======== Data for analysis

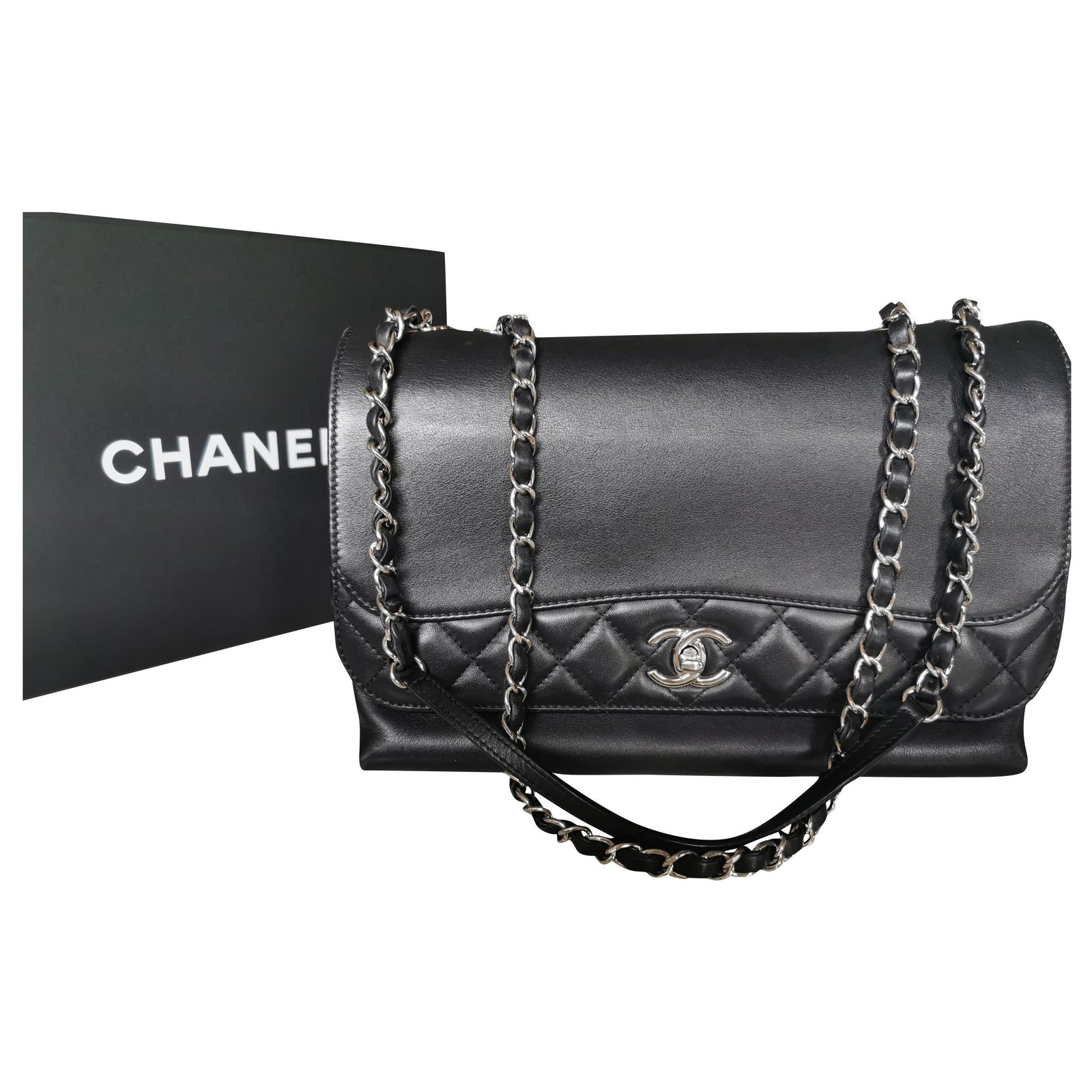 Timeless Chanel Tramazzo Black Leather ref.180400 - Joli Closet
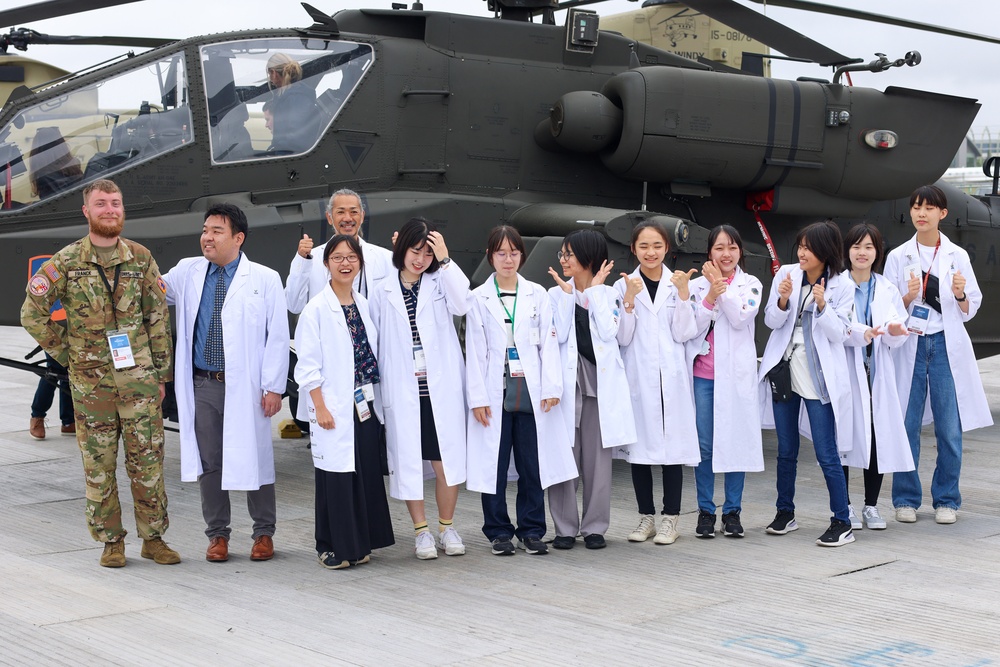 12th Combat Aviation Brigade Participates in the Farnborough International Airshow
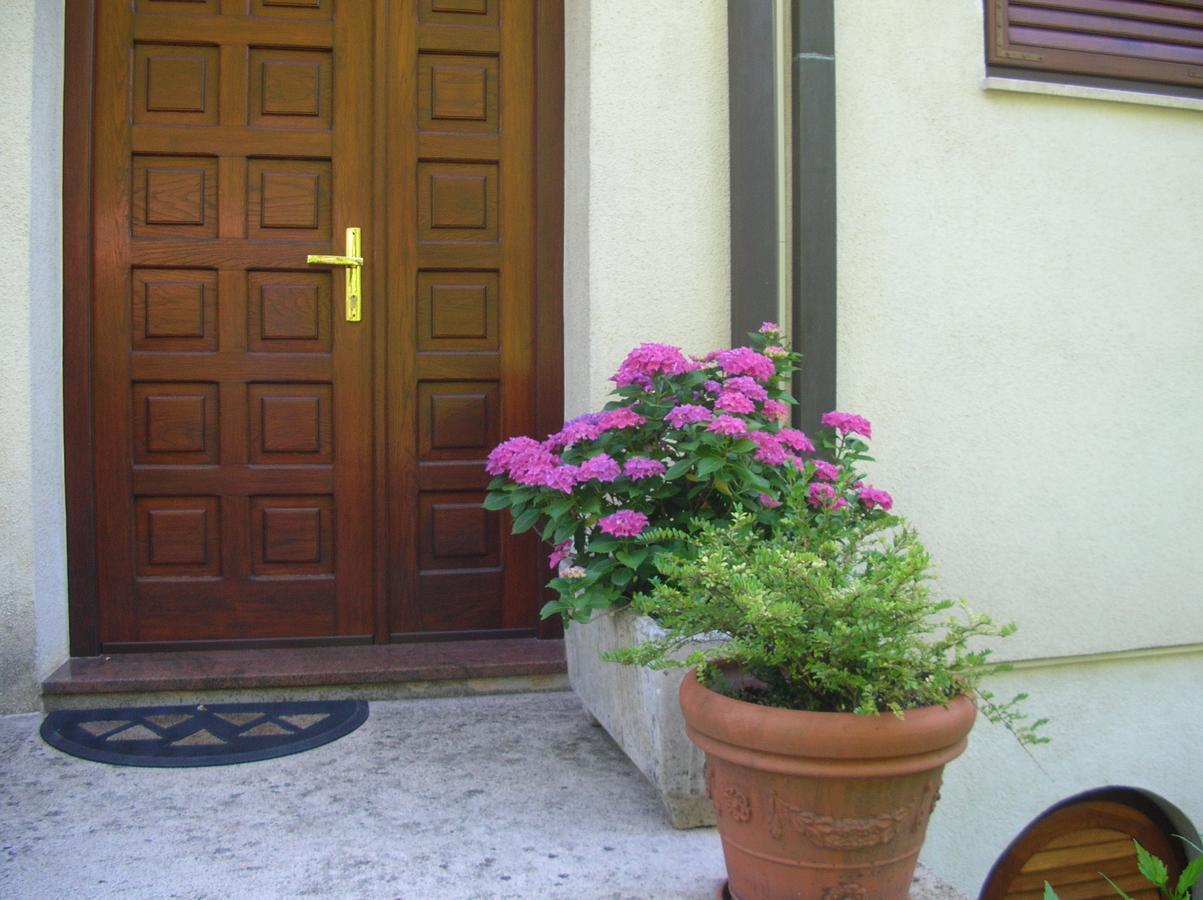 Vacation Home Lucija Slatina  Bagian luar foto
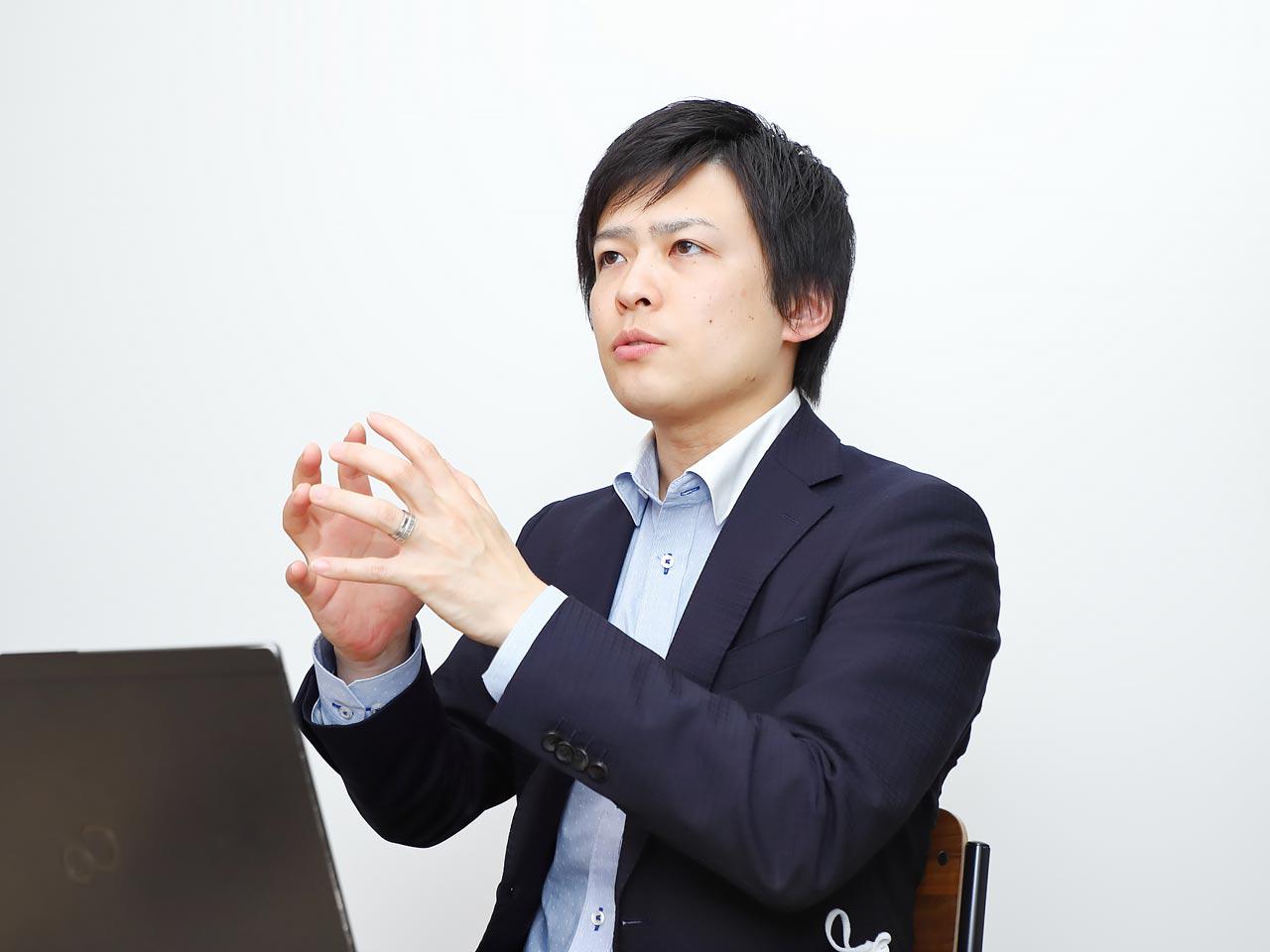 同社の当面の目標は、2027年までにITエンジニア1万人体制にすること。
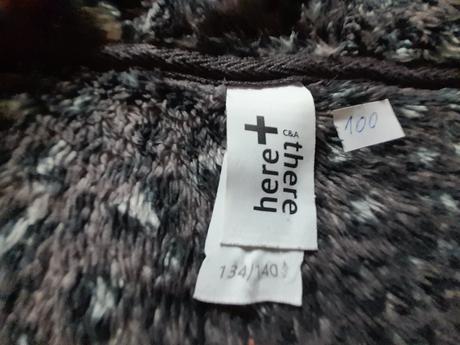 Chlupatá vesta, c&a, vel 134/140, c&a,134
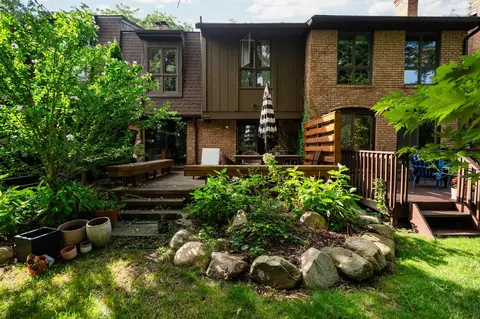 1028 Greenhills Dr, Ann Arbor, MI 48105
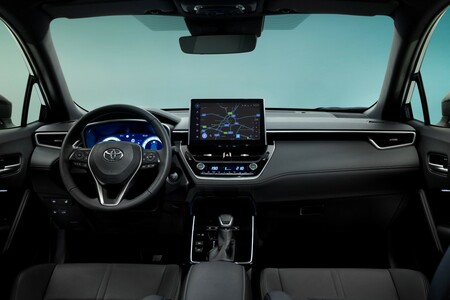 Nowa Corolla Cross z odświeżoną stylistyką i nowymi technologiami. Debiut wersji GR SPORT
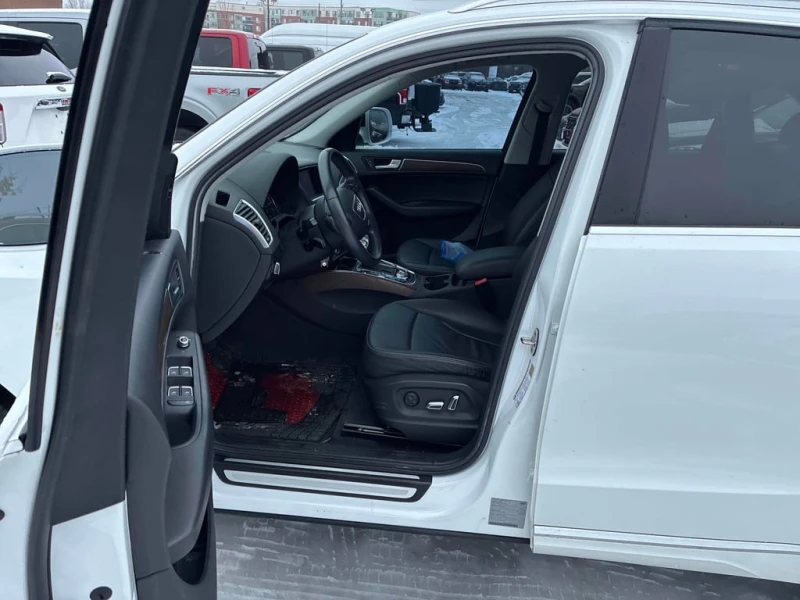 Audi SQ5 2014 TECHNIK * БЕЗ ПЪРВОНАЧАЛНА ВНОСКА, снимка 11 - Автомобили и джипове - 53063415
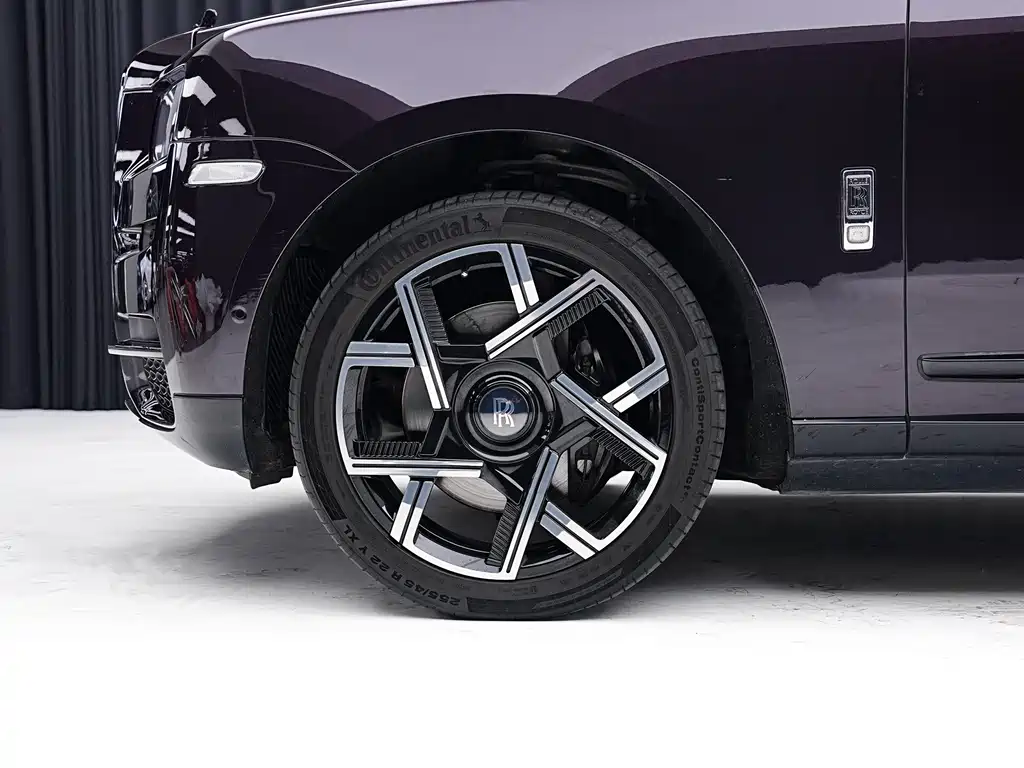 Rolls-Royce Rolls-Royce Cullinan 2020 5-Seater 2020 - thumbnail 3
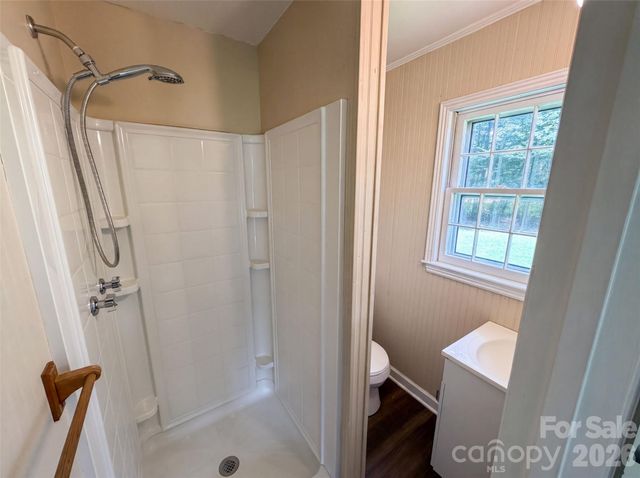 5100 Robinwood Drive, Charlotte, NC 28215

================

### Assignment:
Please give the data again in full, exactly as written, but without any images.

### Response box:
 Timeless Chanel Tramazzo Black Leather ref.180400 - Joli Closet
 12th Combat Aviation Brigade Participates in the Farnborough International Airshow
 Vacation Home Lucija Slatina  Bagian luar foto
 同社の当面の目標は、2027年までにITエンジニア1万人体制にすること。
 Chlupatá vesta, c&a, vel 134/140, c&a,134
 1028 Greenhills Dr, Ann Arbor, MI 48105
 Nowa Corolla Cross z odświeżoną stylistyką i nowymi technologiami. Debiut wersji GR SPORT
 Audi SQ5 2014 TECHNIK * БЕЗ ПЪРВОНАЧАЛНА ВНОСКА, снимка 11 - Автомобили и джипове - 53063415
 Rolls-Royce Rolls-Royce Cullinan 2020 5-Seater 2020 - thumbnail 3
 5100 Robinwood Drive, Charlotte, NC 28215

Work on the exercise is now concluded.